Jacky Terrasson - 53
J
Blue Note
Après l'album Gouache de 2012, avec Michel Portal et Stéphane Belmondo, Take this avec le vocaliste Sly Johnson et Mother de 2016, en duo avec Stéphane Blemondo, voici le nouveau disque de Jacky Terrasson: "53", comme les 53 ans du pianiste qui a partagé sa carrière entre la France et les Etats-Unis. Est-ce étonnant lorsqu'on a un père français et une mère américaine?

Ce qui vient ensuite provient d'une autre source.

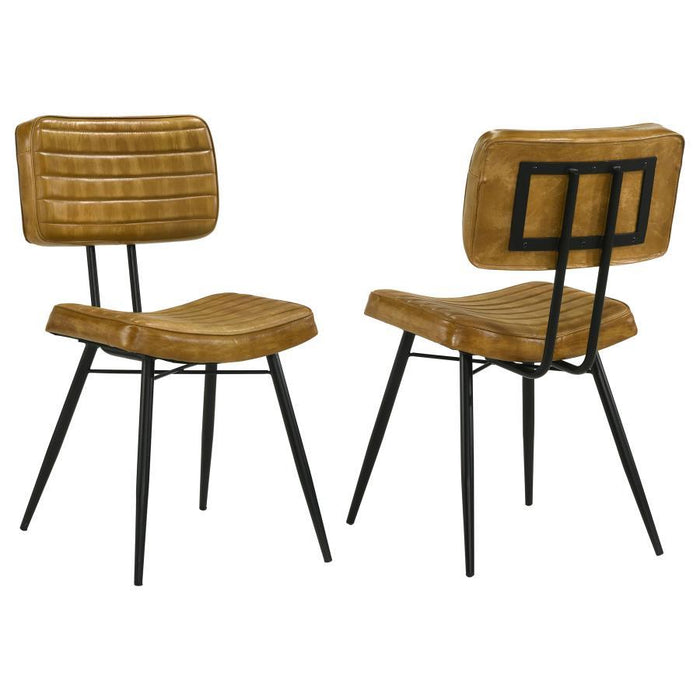 Misty - Leather Upholstered Dining Side Chair (Set of 2) - Camel - Premium Chair Sets from CoasterEssence - Just $499! Shop now at Furniture Wholesale Plus  We are the best furniture store in Nashville, Hendersonville, Goodlettsville, Madison, Antioch, Mount Juliet, Lebanon, Gallatin, Springfield, Murfreesboro, Franklin, Brentwood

Après un début de carrière en France, Jacky Terrasson gagne le Berklee College où il croise Danilo Perez. Au cours de ses nombreux séjours aux Etats-Unis, de Chicago à New York, il accompagne Dee Bridgewater et Abbey Lincoln et joue avec Michael Brecker. Il forme un légendaire trio avec le batteur Leon Parker et le contrebassiste Ugonna Okegwo (albums Reach ou Lover Man, par exemple).

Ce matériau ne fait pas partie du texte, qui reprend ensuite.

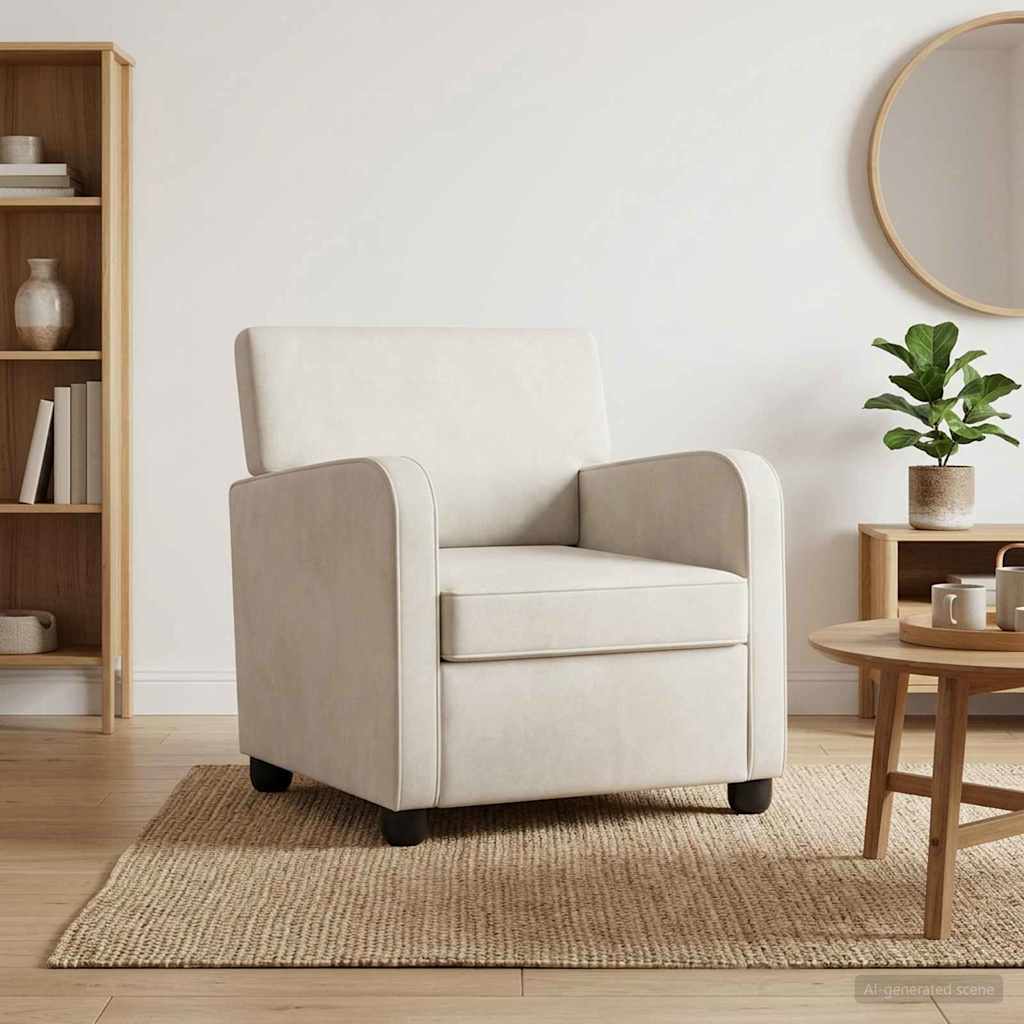 Fauteuil Crèmekleurig fluweel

Le revoici chez Blue Note pour son 15ème album en tant que leader: une série de compositions originales, révélatrices de ses 30 ans de carrière et de vie intense: "Pourquoi 53? Tout simplement parce que j'aurai conçu et enregistré cette musique au cours de ma 53ème année et qu'à cette occasion, j'ai voulu faire un disque qui me ressemble vraiment. Avec ce disque, j'ai eu envie de me livrer totalement, de prendre des risques, tout en assumant mon parcours, mes choix artistiques…" Et à ce propos, le choix de la formule en trio: "Le trio c'est vraiment la formule idéale pour moi, celle où je me sens le plus libre et qui m'apparaît la plus riche en potentialité créatrice, dans l'articulation entre expression individuelle et interaction collective."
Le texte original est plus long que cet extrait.